Quando la crisi colpisce anche i big. L’Italia zoppica e il settore arte-design non sta certo benissimo. Richard Ginori chiude. Cala il sipario su un pezzo di storia del design
Difficile oggi parlare di crisi, senza rischiare di cadere in frasi di circostanza. Ma la crisi c’è e ormai pesa con macigno, investendo tutti i campi e le professioni. Non fanno eccezione nemmeno l’arte e il design, settori tipicamente ascrivibili alla categoria del “lusso”. Fallimento, dunque, è una parola con cui ci stiamo abituando a […]
Difficile oggi parlare di crisi, senza rischiare di cadere in frasi di circostanza. Ma la crisi c’è e ormai pesa con macigno, investendo tutti i campi e le professioni. Non fanno eccezione nemmeno l’arte e il design, settori tipicamente ascrivibili alla categoria del “lusso”.
Fallimento, dunque, è una parola con cui ci stiamo abituando a fare i conti. Una parola da digerire e al contempo contro cui lottare. Mentre cassa integrazione e licenziamento diventano condizioni quasi all’ordine del giorno. Un bollettino di guerra: piccoli studi che chiudono, giovani aziende costrette a bloccare la loro produzione, storie drammatiche di imprenditori che semplicemente non ce la fanno più.

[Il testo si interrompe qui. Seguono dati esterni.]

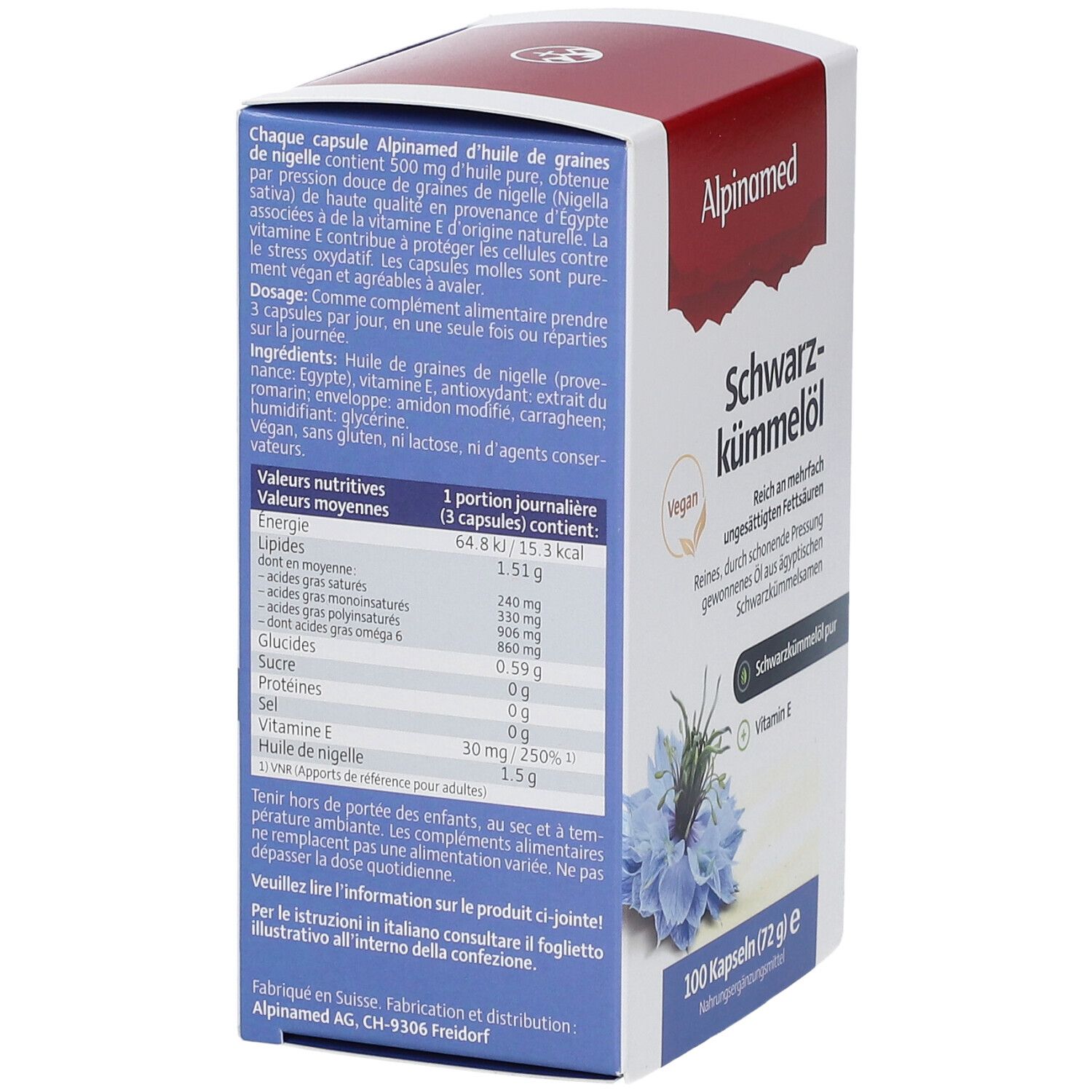 Karton mit Alpinamed Schwarzkümmelöl. Rückseite mit Text und Nährwertangaben. Vegan-Siegel. 100 Kapseln.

Ancora più spaventosa è l’associazione di questa realtà a un grande nome, uno di quelli “famosi”. Perché se capita anche ai giganti, figuriamoci che destino hanno in serbo i pesci piccoli. Stavolta tocca alla Richard Ginori, azienda leader nella produzione di porcellane made in Italy, chiudere il suo stabilimento toscano a fine mese, lasciando a casa 80 impiegati e 257 operai, per cui chiedere una cassa integrazione straordinaria.
Poco importa se i grandi architetti del passato hanno scritto i 270 anni di storia dell’azienda, a partire da Giò Ponti, che ne è stato art director dal 1923 al 1930, dettando lo stile della manifattura, seguito poi da Achille Castiglioni, Angelo Mangiarotti, recentemente scomparso, Enzo Mari e Aldo Rossi, fino ad arrivare ai giorni nostri con l’art direction di Paola Navone. Tutto questo, ormai, è il passato. I debiti della Richard Ginori ammontano a circa 70mila euro e non c’è firma che tenga per poterli coprire.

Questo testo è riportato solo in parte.